Ella asintió con la cabeza y tomó una respiración profunda. —Falsa contracción.  

—¿Estás segura? 

—Si. Estoy empezando a acostumbrarme a ellas. —Ella tragó saliva y, con la ayuda de Nick, se levantó. Sonriendo, ella envolvió sus brazos alrededor de su cuello—. Así que, ¿Puedes decirme qué hay de nuevo en mí? Sorprendido por su despreocupación, Nick sacudió la cabeza, alisando sus manos por su cintura.

—____, creo que debes acostarte. 

—¿Por qué? —Preguntó, con el ceño fruncido.  

—Tienes contracciones. 

—Hombre tonto, tuve una Braxton Hicks. —Ella hizo un gesto desdeñoso y cruzó la habitación. Cogió su agua de la mesita de noche, tomó un sorbo y casi terminó la botella entera—. Estoy bien.  

Nick se pasó una mano nerviosa por el cabello.
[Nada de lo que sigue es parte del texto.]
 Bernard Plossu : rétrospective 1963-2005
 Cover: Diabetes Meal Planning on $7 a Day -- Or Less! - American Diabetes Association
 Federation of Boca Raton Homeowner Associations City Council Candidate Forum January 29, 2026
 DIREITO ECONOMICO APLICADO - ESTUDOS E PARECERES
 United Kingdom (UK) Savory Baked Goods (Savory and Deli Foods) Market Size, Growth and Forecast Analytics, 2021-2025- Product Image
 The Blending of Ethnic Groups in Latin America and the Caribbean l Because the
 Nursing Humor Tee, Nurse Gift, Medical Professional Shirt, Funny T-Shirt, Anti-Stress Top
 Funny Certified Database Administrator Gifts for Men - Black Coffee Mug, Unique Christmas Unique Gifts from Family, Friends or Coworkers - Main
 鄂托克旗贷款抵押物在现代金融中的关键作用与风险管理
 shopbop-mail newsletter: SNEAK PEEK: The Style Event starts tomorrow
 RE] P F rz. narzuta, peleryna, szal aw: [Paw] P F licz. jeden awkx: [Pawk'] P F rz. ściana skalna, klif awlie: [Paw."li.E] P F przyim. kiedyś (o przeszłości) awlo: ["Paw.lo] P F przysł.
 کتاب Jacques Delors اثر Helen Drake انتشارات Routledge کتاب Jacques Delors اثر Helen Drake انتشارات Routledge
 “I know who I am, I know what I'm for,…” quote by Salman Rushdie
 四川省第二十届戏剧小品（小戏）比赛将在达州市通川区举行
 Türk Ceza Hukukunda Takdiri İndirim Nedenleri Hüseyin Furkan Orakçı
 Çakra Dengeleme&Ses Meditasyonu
Sí, estaba muy muy seguro que su chica estaba enloqueciendo.

—¿Cómo sabes que estás bien? 

—Bueno, vamos a ver. Es mi cuerpo, y lo he llegado a conocer bastante bien durante los últimos veinticinco años. —Ella caminó de regreso hacia él con una sonrisa en su rostro mientras una vez más, deslizaba sus brazos alrededor de su cuello—. ¿Quieres saber dos cosas que apuesto a que no lo sabías? Nick soltó un suspiro, tratando de ir con la corriente. —Por supuesto. ____ meneó sus cejas. —Uno: Eres muy, muy shexy cuando estás preocupado.   Nick rió. —¿Lo soy? —Mmm hmm. —Ya lo he dicho antes —Nick sonrió, amando su carácter juguetón— y lo diré hasta el día que me entierren. Eres bastante shexy por ti misma. 

—Vaya, gracias, señor. —se puso de puntillas y lo besó—. Dos: mientras te perdías en mis traviesas y retorcidas contracciones Braxton Hicks muy shexys, no te diste cuenta que estoy usando la sudadera que me prestaste hace un año esta noche.  

Nick movió los ojos hacia la sudadera gris Zenga Sport que juraba que había desapareció en el aire. 

—No me digas. Mira eso. —Sonriendo, él volteó la capucha sobre la  cabeza de ____—. Definitivamente te queda mejor este año. La boca de ____ cayó boquiabierta, y Nick se echó a reír. Riendo, ella le dio un manotazo en el brazo.

—Retira eso ahora. 

—Sabes que estoy bromeando. —Gavin besó sus labios fruncidos—. ¿Tengo que hacer las paces contigo? 

—Como cuestión de hecho, si. 

—Nómbralo, amor. 

—Tapas de botellas. Nick elevó una ceja. —¿Tapas de botellas? ____ asintió.

—Sip. Un juego amistoso de lanzar las tapas de botellas. 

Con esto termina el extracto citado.